KART advances expansion plans

Creation of regional transportation authority promoted


By REBECCA MEANY
Express Staff Writer

New members of the Ketchum-Sun Valley Transit Authority board are sworn in Wednesday, Jan. 18, at Ketchum City Hall. From the left are Ron Parsons, Ketchum City Councilman; Virginia Eggers, Sun Valley City Administrator; Peter Everett, regional and transportation planning consultant from Ketchum; and Joan Lamb, Sun Valley Planning & Zoning Commissioner. Parsons takes the place of Randy Hall, who was elected mayor of Ketchum in November. Everett replaces Maurice Charlat, who ran against Hall for mayor. Eggers and Lamb replace Sun Valley representatives Dick Andersen and John O'Connor. Bill Cassell stays on as KART board chairman. KART is run by a joint-powers agreement between the cities of Sun Valley and Ketchum. The cities' respective mayors appoint board members.
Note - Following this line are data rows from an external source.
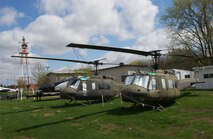 What the jeep was to Americans during World War II, so was the Huey to those who fought in Vietnam. The hero of Vietnam, the UH-1 Huey helicopter has proven itself to be one of the most versatile aircraft ever. The UH-1 was originally developed as an Army utility helicopter. It’s original designation, HU-1, evolved into its unofficial well-known nickname, the “Huey”. UH-1s were used extensively in Vietnam for a wide variety of roles including gunship, troop carrier, medical evacuation and search and rescue. UH-1s were flown by the 34th Infantry Division, aviation brigade. We have two “Hueys” in the museum collection, one is a gift from the St. Paul Army Reserves and the other from the Minnesota Army National Guard.
Dimensions
Fuselage Length: 41ft. 10in.
Wing Span: 14ft. 6in.
Height: 48ft. 0in.

Photo by David N. Seelig

With changing needs and shifting demographics, the Ketchum-Sun Valley Transit Authority is looking to expand its board of directors to better address valley residents' needs.

The Ketchum City Council on Tuesday, Jan. 17 unanimously approved a resolution supporting the creation of the regional transportation authority.

The city of Sun Valley has also authorized the expansion.

The amended operating agreement would include as part of KART Blaine County and all five cities in the county.

The agreement could pave the way to incorporate PEAK and Wood River Ride Share into the regional transit agency.

Transit consultant Amy Ostrander, whose services are paid for by a grant from Idaho Transportation Department, discussed with the KART board Wednesday, Jan. 18, how to reorganize the body.

"I need to hear what you want," she said. "This is your project."

Federal grants are available to enhance service, Ostrander said, but certain limitations apply.

Public-private partnerships, perhaps with Sun Valley Co., are possible, but bus service must be open to the general public if federal grant money is used, she said.

Likewise, routes and schedules can accommodate schools, but the general public must have equal access.

Having skiers, school children and commuters all on the same bus could pose problems, both with attracting riders and creating a service to fit particular needs, said one board member.

"I don't think we've done a very good job marking mass transit," said Peter Everett. "We may attract one market but we may alienate another market. We have to in part market on status."

Ostrander will come back to the KART board in March with a report on management strategies, identification of possible partnerships, ridership projections and funding sources.

The next phase of her work will include public hearings, marketing plans and a capital improvement plan for buses, shelters and other related amenities.